Yesterday, actors Viggo Mortensen and young Kodi Smit-McPhee were in the old Benkovitz warehouse in the Strip District shooting their final Pittsburgh scenes for the movie The Road.

Crew members were dismantling sets and moving out gear even as they played freeze tag - stopping in their tracks or cursing their squeaky shoes - once director John Hillcoat started shooting into the bunker that is a rare, welcome haven in a post-apocalyptic world.

The exterior was in New Galilee but the interior had been built on a makeshift stage and outfitted with collapsible canvas chairs, a table and what novelist Cormac McCarthy called "the richness of a vanished world."

That meant blankets, jars, cans and boxes of food, candles and an out-of-sight flare of fire lending a gorgeous glow, courtesy of cinematographer Javier Aguirresarobe.

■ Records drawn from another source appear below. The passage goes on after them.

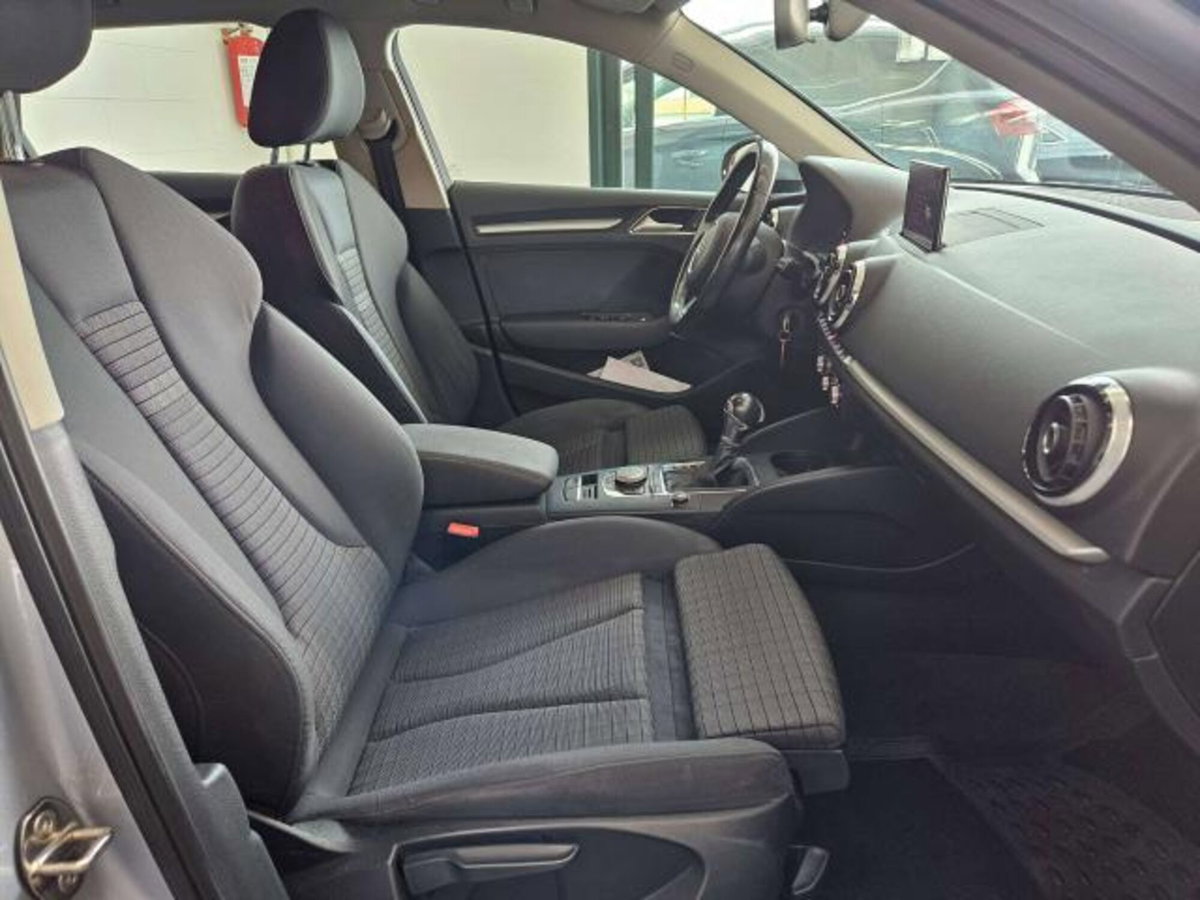 Audi A3 Sportback 1.6 TDI Ambition (12)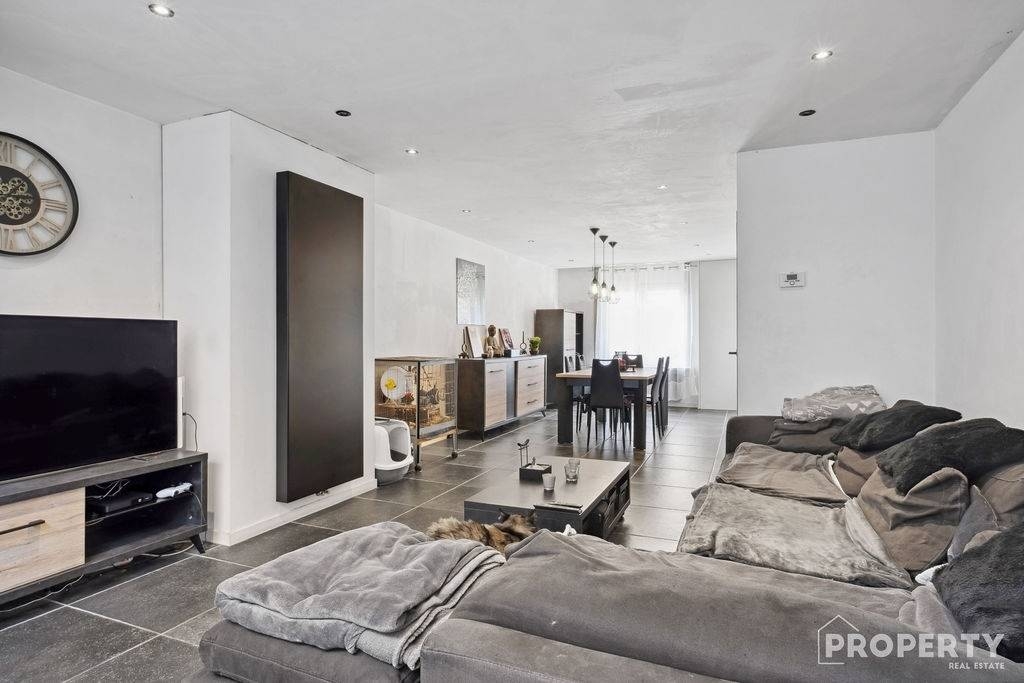 Huis te koop in Kortrijk 8500 259000.00€ 4 slaapkamers 180.00m² - Zoekertje 494073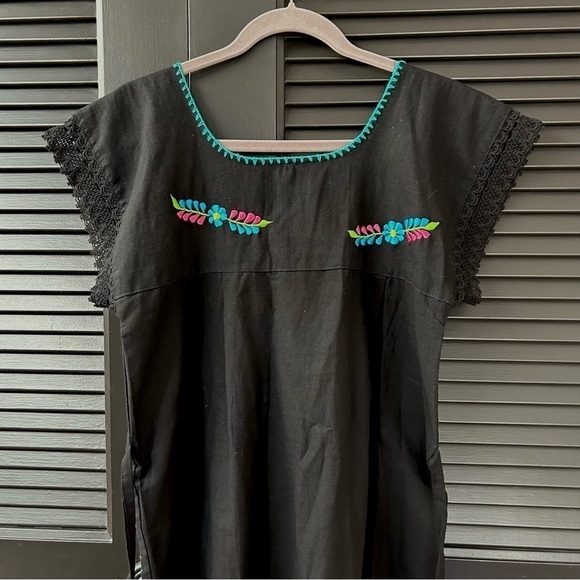LBD Mexican Style! Black Mini Dress With Colorful Embroidery, Size Medium - Picture 9 of 14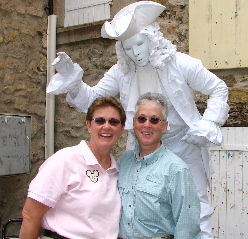 Deb and Linda with the Street Performer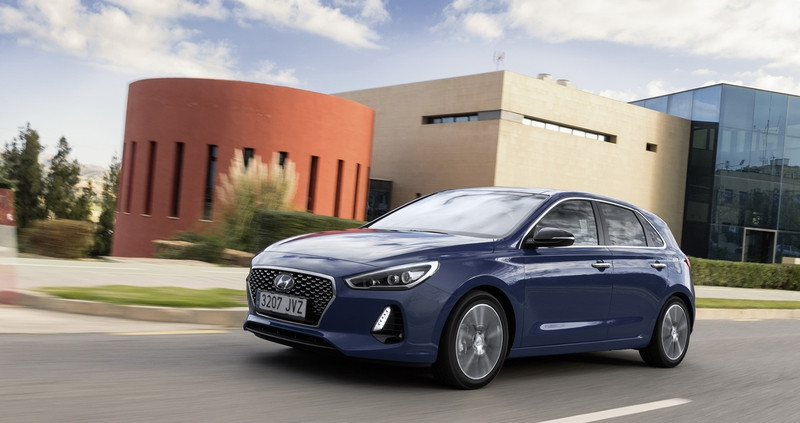 hyundai i30 2017 hoan toan moi co gia tu 20 700 usd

"This is rare," Mr. Mortensen said after a morning and early afternoon of scenes shot from this angle and that. He climbed out of the upper bunk, coughed (in character) enough to make the chests of onlookers sting and shared a meal with his boy.

"It's a very nice moment but very rare in the story. ... Usually our scenes involve physical hardship and are emotionally challenging, mentally difficult a lot of times," he said.

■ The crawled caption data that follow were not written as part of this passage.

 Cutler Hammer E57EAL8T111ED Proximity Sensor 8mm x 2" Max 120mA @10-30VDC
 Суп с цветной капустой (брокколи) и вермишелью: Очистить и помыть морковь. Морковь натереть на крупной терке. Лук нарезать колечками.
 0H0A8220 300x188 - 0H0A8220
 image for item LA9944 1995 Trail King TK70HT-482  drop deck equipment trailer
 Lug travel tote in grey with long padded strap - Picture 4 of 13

"We were lucky with the weather, all the exteriors we were shooting early on, we had that bad weather - we had the snow, we had the rain, we've had mud, we've had a lot of cold, so the look is right," he added.

As the trees sprouted blossoms, the movie shifted inside.

After filming on closed roads near Breezewood, in Saxonburg, New Galilee, Raccoon Creek State Park, Braddock, McKeesport, the Strip and in coal country, the production pulls up stakes today. It heads to Lake Erie, New Orleans, Mount St. Helens and Oregon, where flashbacks with Charlize Theron will be shot.

As for Mr. Mortensen's look, the beard that was in the early stages on the Oscar red carpet is in full flower. It distracts from his gaunt cheeks, an authentic part of his character who is starving in a world where a few raisins or can of fruit is a rare treat and where desperation has turned some survivors into cannibals.

His mismatched clothes and hole-pocked socks are those of a homeless man, his belt cinched around a shrinking waist. When he and the Boy - as the characters are called - find the bunker, both are able to clean up but the Man never lets down his guard or his gun.

Mr. Mortensen and Kodi, an Australian honored for his turn in Romulus, My Father, bonded over a Bucs-Reds game, the resonant themes of "Bodies ... the Exhibition" at the Carnegie Science Center and their many shared scenes.

The Eastern Promises and Lord of the Rings star praised his young co-star's technical skills, natural presence, intelligence and versatility.

"It's a luxury for me as an actor to have a partner - most of the time it's just the two of us - who's so good at playing, who has such a good game," said Mr. Mortensen.

The Road is very much the story of parents and children and lessons passed from one to the other. Mr. Hillcoat has a 6-year-old boy, Kodi reminded Mr. Mortensen of his now-grown son, and when Mr. Mortensen called Mr. McCarthy to chat, talk turned to their sons.

In separate interviews, Mr. Mortensen, Mr. Hillcoat and unit production manager Buddy Enright volunteered praise for local crews and residents, the city and state - its tax incentive is working - and the Pittsburgh Film Office.

They singled out visits to Fallingwater, a behind-the-scenes tour of the Pittsburgh Zoo & PPG Aquarium, family-owned restaurants, the Strip District and other thriving touchstones to Pittsburgh's past as highlights of their stays.

As for the movie that brought them, it's faithful to the spirit of the book, Mr. Hillcoat said.

"In our world that we're creating, we're not saying everything is just literally covered in ash. There's more variation in the devastation on a visual level," with ash, snow, water, fallen trees, lightning, fires and earthquake tremors factoring into "a world in severe trauma."

Like the novel, the screenplay by Joe Penhall doesn't specify the trigger to this trauma.

"That's what makes it more realistic, then it immediately becomes about survival and how you get through each day as opposed to what actually happened," Mr. Hillcoat said.

Flashbacks and the bunker interlude highlight "all the little things we take for granted, certainly in the comfortable, more affluent parts of the world," the director said. But the father and son are the movie's heart.

"The book had a huge impact on me, it affected me more deeply and more profoundly than almost anything I've ever read," Mr. Hillcoat said. "That's partly because I'm a father of a gorgeous 6-year-old boy" and mindful of what's happening in the world.

Growing up in Canada in the 1970s, the native Australian worried nuclear war was inevitable.

"Quite seriously, I never even thought I'd get to the age of 40 as a kid, as a teenager at least," he said.

But he did and he's making a movie that explores humanity and hope in a seemingly hopeless world and a father who teaches his son to "carry the fire," as Mr. McCarthy so eloquently phrases it.